=== Section Start ===

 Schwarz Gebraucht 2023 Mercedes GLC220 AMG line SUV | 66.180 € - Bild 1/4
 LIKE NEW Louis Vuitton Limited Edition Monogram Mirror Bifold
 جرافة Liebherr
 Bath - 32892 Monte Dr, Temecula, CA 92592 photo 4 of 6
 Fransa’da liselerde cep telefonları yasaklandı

=== Section End ===
=== Section Start ===

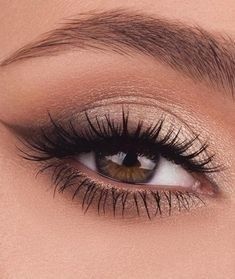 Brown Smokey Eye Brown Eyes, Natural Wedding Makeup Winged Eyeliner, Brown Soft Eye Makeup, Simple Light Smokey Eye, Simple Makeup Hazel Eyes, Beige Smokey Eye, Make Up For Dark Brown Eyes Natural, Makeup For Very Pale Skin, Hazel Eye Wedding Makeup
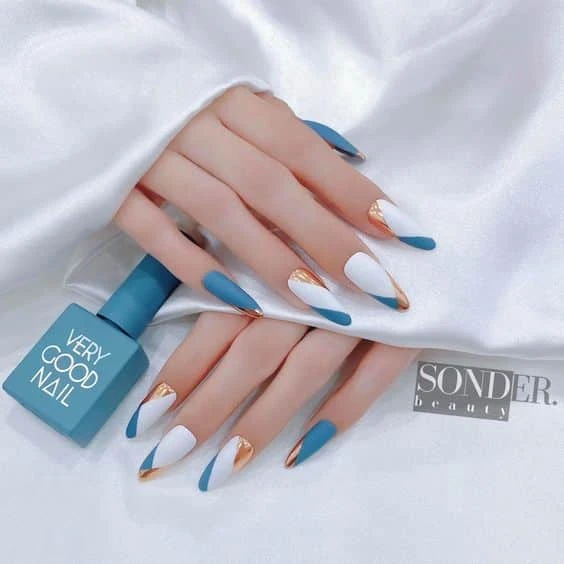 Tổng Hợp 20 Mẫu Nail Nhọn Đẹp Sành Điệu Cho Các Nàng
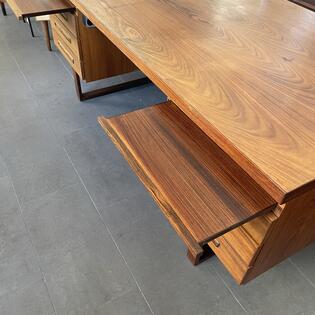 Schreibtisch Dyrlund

=== Section End ===

* [Aim of the task]: Exactly the lines starting at the one above with "Tổng Hợp 20" and ending at the one with "Schreibtisch Dyrlund" should be printed, and nothing else. Omit the pictures.

* [The completed task]:
 Tổng Hợp 20 Mẫu Nail Nhọn Đẹp Sành Điệu Cho Các Nàng
 Schreibtisch Dyrlund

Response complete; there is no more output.